Un feligrés se acerca al confesionario. Ve al padre mirando su celular, y se aleja pensando que está ocupado.
Adultos y niños que salen en auto de vacaciones, no ven que van atravesando por paisajes espectaculares. Es que, excepto por el conductor, todos tienen la mirada clavada en sus celulares.
Personas comparten una espera quizá en una oficina, una fila, un consultorio. Podrían conocerse y conversar, pero se dedican a mirar su celular.
¿Te suenan conocidos estos ejemplos? ¿Los has visto, o tal vez protagonizado?
Quién sabe qué está sucediendo. Usar celular, que al inicio era sólo una ayuda para contactar a alguien en caso de emergencia o si pasaba algo importante, se ha convertido en un verdadero vicio, una adicción cada vez más exigente, que hace que mucha gente entre en pánico si deja el celular en casa, pues le es indispensable checarlo a cada instante.

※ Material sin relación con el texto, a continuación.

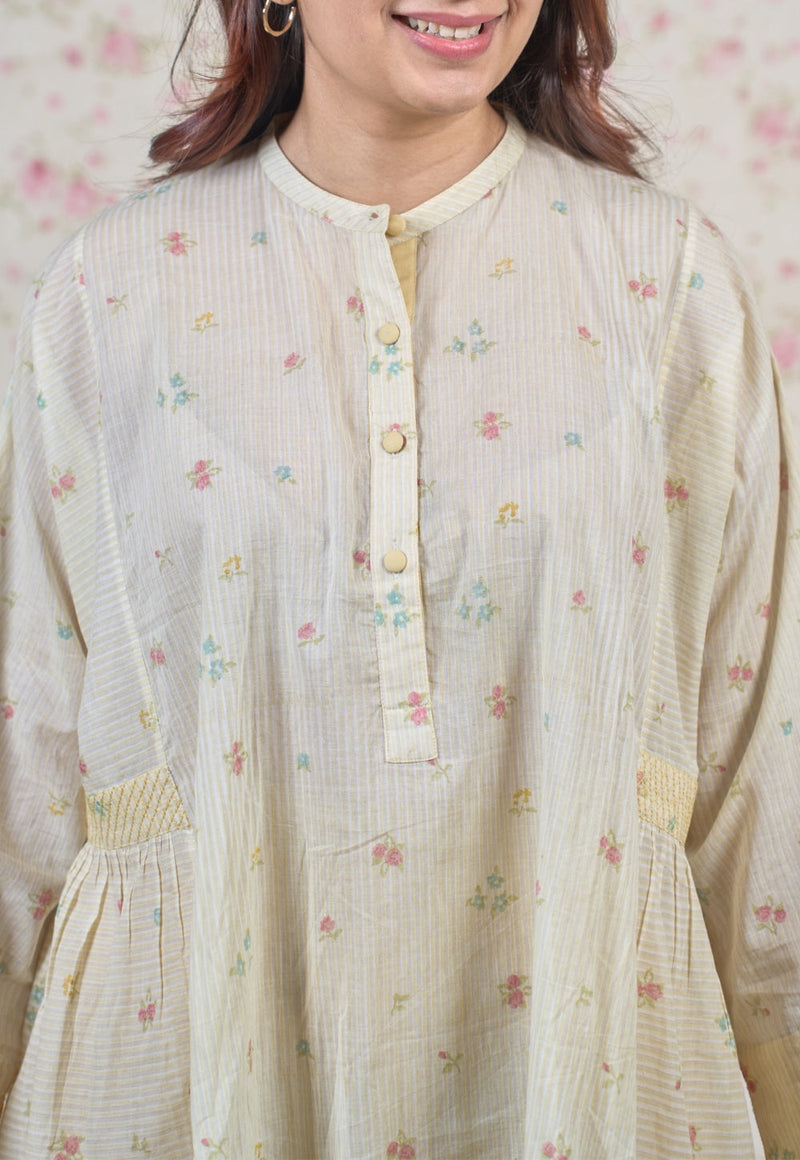 Nancy Yellow Sanganeri Mul Cotton Straight Short Top with Embroidery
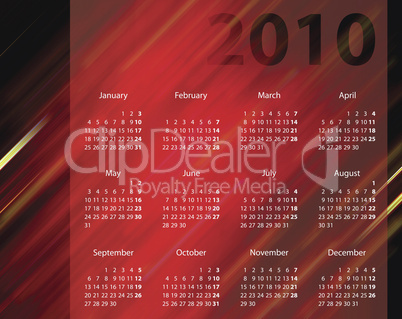 Elegant calendar for 2010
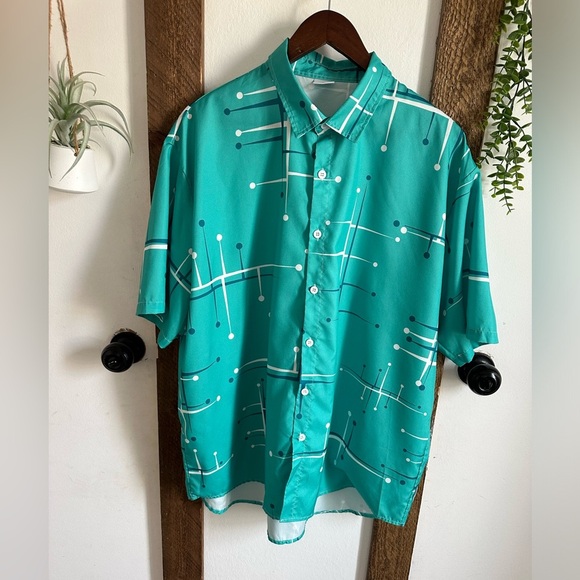 Teal Geometric Men's Button Down Short Sleeve Beach Summer Shirt - Picture 2 of 11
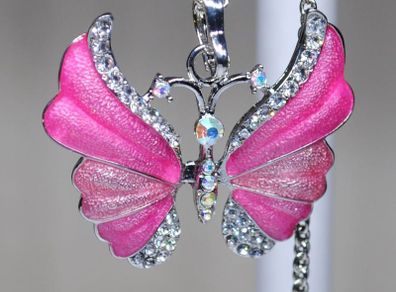 Necklace with Enamel Butterfly Pendant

Y aunque parecería que las personas están más conectadas, lo están menos, pues como cada vez mandan más mensajes, los hacen más breves. Ya ni siquiera usan palabras completas. El otro día leí que alguien daba ‘grx’ a DNS. (‘gracias’ a ‘Dios nuestro Señor’), ¡háganme el favor!
¿Qué nos está pasando? Estamos deshumanizado nuestra percepción de la realidad, acostumbrándonos a verlo todo a través de una pantalla. Tal vez a eso se debe la moda de tomarse ‘selfies’: se quiere tener registro de dónde se ha estado y con quién, porque no se recuerda haberlo vivido de manera real, sólo virtual.
Estamos dando prioridad a la comunicación con los ausentes e ignorando a los presentes. Pero en nuestro afán de acercarnos a los lejanos, alejamos a los cercanos.
Pero los cercanos son los reales, los de carne y hueso, los que Dios puso a nuestro alrededor, no para mensajearnos o videograbarnos, sino para que en persona nos miremos, nos escuchemos, nos amemos, nos ayudemos y nos dediquemos tiempo y atención.
Estamos viviendo una verdadera invasión. Es hora de parar.
Faltan menos de dos semanas para iniciar la Cuaresma. ¿Qué tal si en esta ocasión, como parte de nuestras privaciones voluntarias, nos proponemos también ayunar de celular?